▸ **What this task involves**
In this exercise, every entry is to be transcribed exactly as written.

════════

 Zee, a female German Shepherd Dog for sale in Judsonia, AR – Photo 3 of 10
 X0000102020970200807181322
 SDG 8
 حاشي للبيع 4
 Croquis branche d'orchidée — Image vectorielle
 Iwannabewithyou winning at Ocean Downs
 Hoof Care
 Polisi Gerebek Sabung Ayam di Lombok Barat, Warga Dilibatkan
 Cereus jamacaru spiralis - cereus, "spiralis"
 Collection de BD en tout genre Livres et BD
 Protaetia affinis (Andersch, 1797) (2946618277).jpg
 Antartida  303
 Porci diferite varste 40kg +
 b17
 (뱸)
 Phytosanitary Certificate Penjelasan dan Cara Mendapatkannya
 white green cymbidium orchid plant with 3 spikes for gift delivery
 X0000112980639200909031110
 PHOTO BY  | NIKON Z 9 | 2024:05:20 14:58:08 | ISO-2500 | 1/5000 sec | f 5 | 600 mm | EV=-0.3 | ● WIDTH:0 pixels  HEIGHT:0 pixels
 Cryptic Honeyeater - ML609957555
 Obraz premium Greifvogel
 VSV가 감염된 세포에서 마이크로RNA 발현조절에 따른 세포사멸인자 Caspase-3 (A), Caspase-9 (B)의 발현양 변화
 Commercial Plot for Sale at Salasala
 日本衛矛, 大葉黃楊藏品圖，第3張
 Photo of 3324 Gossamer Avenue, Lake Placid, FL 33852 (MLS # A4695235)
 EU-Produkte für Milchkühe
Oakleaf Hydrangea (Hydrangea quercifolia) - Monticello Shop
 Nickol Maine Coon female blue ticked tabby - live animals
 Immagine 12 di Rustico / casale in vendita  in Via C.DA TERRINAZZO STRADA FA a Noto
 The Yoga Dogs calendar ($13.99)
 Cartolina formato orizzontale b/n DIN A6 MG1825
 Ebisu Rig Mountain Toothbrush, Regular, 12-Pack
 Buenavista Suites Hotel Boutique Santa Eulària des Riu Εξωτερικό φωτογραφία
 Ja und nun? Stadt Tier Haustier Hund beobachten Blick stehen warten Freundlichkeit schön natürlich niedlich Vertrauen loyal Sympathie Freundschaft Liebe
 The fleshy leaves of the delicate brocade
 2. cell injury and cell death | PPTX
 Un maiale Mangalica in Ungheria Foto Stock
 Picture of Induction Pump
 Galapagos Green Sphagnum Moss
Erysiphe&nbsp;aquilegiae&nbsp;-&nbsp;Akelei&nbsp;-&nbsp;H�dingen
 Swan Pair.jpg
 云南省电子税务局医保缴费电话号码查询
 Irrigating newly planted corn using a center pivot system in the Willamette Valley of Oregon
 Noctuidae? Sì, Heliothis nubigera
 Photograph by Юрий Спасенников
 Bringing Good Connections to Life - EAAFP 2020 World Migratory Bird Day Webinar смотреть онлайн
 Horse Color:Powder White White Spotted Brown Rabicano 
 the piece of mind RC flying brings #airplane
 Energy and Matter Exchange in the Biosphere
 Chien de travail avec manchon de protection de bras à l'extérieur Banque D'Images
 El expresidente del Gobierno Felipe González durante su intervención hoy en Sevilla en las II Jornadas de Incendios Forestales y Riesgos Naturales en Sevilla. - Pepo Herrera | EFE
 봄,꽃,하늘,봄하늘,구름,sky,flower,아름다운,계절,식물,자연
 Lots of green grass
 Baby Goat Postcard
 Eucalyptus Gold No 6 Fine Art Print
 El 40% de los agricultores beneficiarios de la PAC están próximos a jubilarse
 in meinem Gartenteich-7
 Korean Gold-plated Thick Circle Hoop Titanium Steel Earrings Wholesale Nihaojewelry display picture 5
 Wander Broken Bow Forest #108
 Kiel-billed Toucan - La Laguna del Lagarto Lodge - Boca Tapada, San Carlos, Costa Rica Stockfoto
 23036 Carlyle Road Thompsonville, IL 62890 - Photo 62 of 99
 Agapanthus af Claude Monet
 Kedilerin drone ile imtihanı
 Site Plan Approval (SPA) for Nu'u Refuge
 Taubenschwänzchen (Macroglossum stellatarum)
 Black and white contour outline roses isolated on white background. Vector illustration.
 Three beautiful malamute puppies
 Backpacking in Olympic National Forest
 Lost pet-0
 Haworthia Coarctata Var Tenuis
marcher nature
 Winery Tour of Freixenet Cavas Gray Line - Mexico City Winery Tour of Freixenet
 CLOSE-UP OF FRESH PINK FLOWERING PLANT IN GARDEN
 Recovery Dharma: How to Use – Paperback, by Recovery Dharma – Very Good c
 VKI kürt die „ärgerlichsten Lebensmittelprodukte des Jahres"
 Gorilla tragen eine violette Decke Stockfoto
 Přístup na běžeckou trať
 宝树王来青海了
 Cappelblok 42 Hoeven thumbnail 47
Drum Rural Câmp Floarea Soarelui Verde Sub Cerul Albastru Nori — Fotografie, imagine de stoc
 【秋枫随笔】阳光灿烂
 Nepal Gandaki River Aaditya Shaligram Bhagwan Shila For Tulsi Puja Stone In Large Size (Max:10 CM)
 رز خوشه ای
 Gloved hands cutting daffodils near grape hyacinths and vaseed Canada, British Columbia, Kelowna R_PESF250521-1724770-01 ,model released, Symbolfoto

════════

▸ **Output**
 Zee, a female German Shepherd Dog for sale in Judsonia, AR – Photo 3 of 10
 X0000102020970200807181322
 SDG 8
 حاشي للبيع 4
 Croquis branche d'orchidée — Image vectorielle
 Iwannabewithyou winning at Ocean Downs
 Hoof Care
 Polisi Gerebek Sabung Ayam di Lombok Barat, Warga Dilibatkan
 Cereus jamacaru spiralis - cereus, "spiralis"
 Collection de BD en tout genre Livres et BD
 Protaetia affinis (Andersch, 1797) (2946618277).jpg
 Antartida  303
 Porci diferite varste 40kg +
 b17
 (뱸)
 Phytosanitary Certificate Penjelasan dan Cara Mendapatkannya
 white green cymbidium orchid plant with 3 spikes for gift delivery
 X0000112980639200909031110
 PHOTO BY  | NIKON Z 9 | 2024:05:20 14:58:08 | ISO-2500 | 1/5000 sec | f 5 | 600 mm | EV=-0.3 | ● WIDTH:0 pixels  HEIGHT:0 pixels
 Cryptic Honeyeater - ML609957555
 Obraz premium Greifvogel
 VSV가 감염된 세포에서 마이크로RNA 발현조절에 따른 세포사멸인자 Caspase-3 (A), Caspase-9 (B)의 발현양 변화
 Commercial Plot for Sale at Salasala
 日本衛矛, 大葉黃楊藏品圖，第3張
 Photo of 3324 Gossamer Avenue, Lake Placid, FL 33852 (MLS # A4695235)
 EU-Produkte für Milchkühe
Oakleaf Hydrangea (Hydrangea quercifolia) - Monticello Shop
 Nickol Maine Coon female blue ticked tabby - live animals
 Immagine 12 di Rustico / casale in vendita  in Via C.DA TERRINAZZO STRADA FA a Noto
 The Yoga Dogs calendar ($13.99)
 Cartolina formato orizzontale b/n DIN A6 MG1825
 Ebisu Rig Mountain Toothbrush, Regular, 12-Pack
 Buenavista Suites Hotel Boutique Santa Eulària des Riu Εξωτερικό φωτογραφία
 Ja und nun? Stadt Tier Haustier Hund beobachten Blick stehen warten Freundlichkeit schön natürlich niedlich Vertrauen loyal Sympathie Freundschaft Liebe
 The fleshy leaves of the delicate brocade
 2. cell injury and cell death | PPTX
 Un maiale Mangalica in Ungheria Foto Stock
 Picture of Induction Pump
 Galapagos Green Sphagnum Moss
Erysiphe&nbsp;aquilegiae&nbsp;-&nbsp;Akelei&nbsp;-&nbsp;H�dingen
 Swan Pair.jpg
 云南省电子税务局医保缴费电话号码查询
 Irrigating newly planted corn using a center pivot system in the Willamette Valley of Oregon
 Noctuidae? Sì, Heliothis nubigera
 Photograph by Юрий Спасенников
 Bringing Good Connections to Life - EAAFP 2020 World Migratory Bird Day Webinar смотреть онлайн
 Horse Color:Powder White White Spotted Brown Rabicano 
 the piece of mind RC flying brings #airplane
 Energy and Matter Exchange in the Biosphere
 Chien de travail avec manchon de protection de bras à l'extérieur Banque D'Images
 El expresidente del Gobierno Felipe González durante su intervención hoy en Sevilla en las II Jornadas de Incendios Forestales y Riesgos Naturales en Sevilla. - Pepo Herrera | EFE
 봄,꽃,하늘,봄하늘,구름,sky,flower,아름다운,계절,식물,자연
 Lots of green grass
 Baby Goat Postcard
 Eucalyptus Gold No 6 Fine Art Print
 El 40% de los agricultores beneficiarios de la PAC están próximos a jubilarse
 in meinem Gartenteich-7
 Korean Gold-plated Thick Circle Hoop Titanium Steel Earrings Wholesale Nihaojewelry display picture 5
 Wander Broken Bow Forest #108
 Kiel-billed Toucan - La Laguna del Lagarto Lodge - Boca Tapada, San Carlos, Costa Rica Stockfoto
 23036 Carlyle Road Thompsonville, IL 62890 - Photo 62 of 99
 Agapanthus af Claude Monet
 Kedilerin drone ile imtihanı
 Site Plan Approval (SPA) for Nu'u Refuge
 Taubenschwänzchen (Macroglossum stellatarum)
 Black and white contour outline roses isolated on white background. Vector illustration.
 Three beautiful malamute puppies
 Backpacking in Olympic National Forest
 Lost pet-0
 Haworthia Coarctata Var Tenuis
marcher nature
 Winery Tour of Freixenet Cavas Gray Line - Mexico City Winery Tour of Freixenet
 CLOSE-UP OF FRESH PINK FLOWERING PLANT IN GARDEN
 Recovery Dharma: How to Use – Paperback, by Recovery Dharma – Very Good c
 VKI kürt die „ärgerlichsten Lebensmittelprodukte des Jahres"
 Gorilla tragen eine violette Decke Stockfoto
 Přístup na běžeckou trať
 宝树王来青海了
 Cappelblok 42 Hoeven thumbnail 47
Drum Rural Câmp Floarea Soarelui Verde Sub Cerul Albastru Nori — Fotografie, imagine de stoc
 【秋枫随笔】阳光灿烂
 Nepal Gandaki River Aaditya Shaligram Bhagwan Shila For Tulsi Puja Stone In Large Size (Max:10 CM)
 رز خوشه ای
 Gloved hands cutting daffodils near grape hyacinths and vaseed Canada, British Columbia, Kelowna R_PESF250521-1724770-01 ,model released, Symbolfoto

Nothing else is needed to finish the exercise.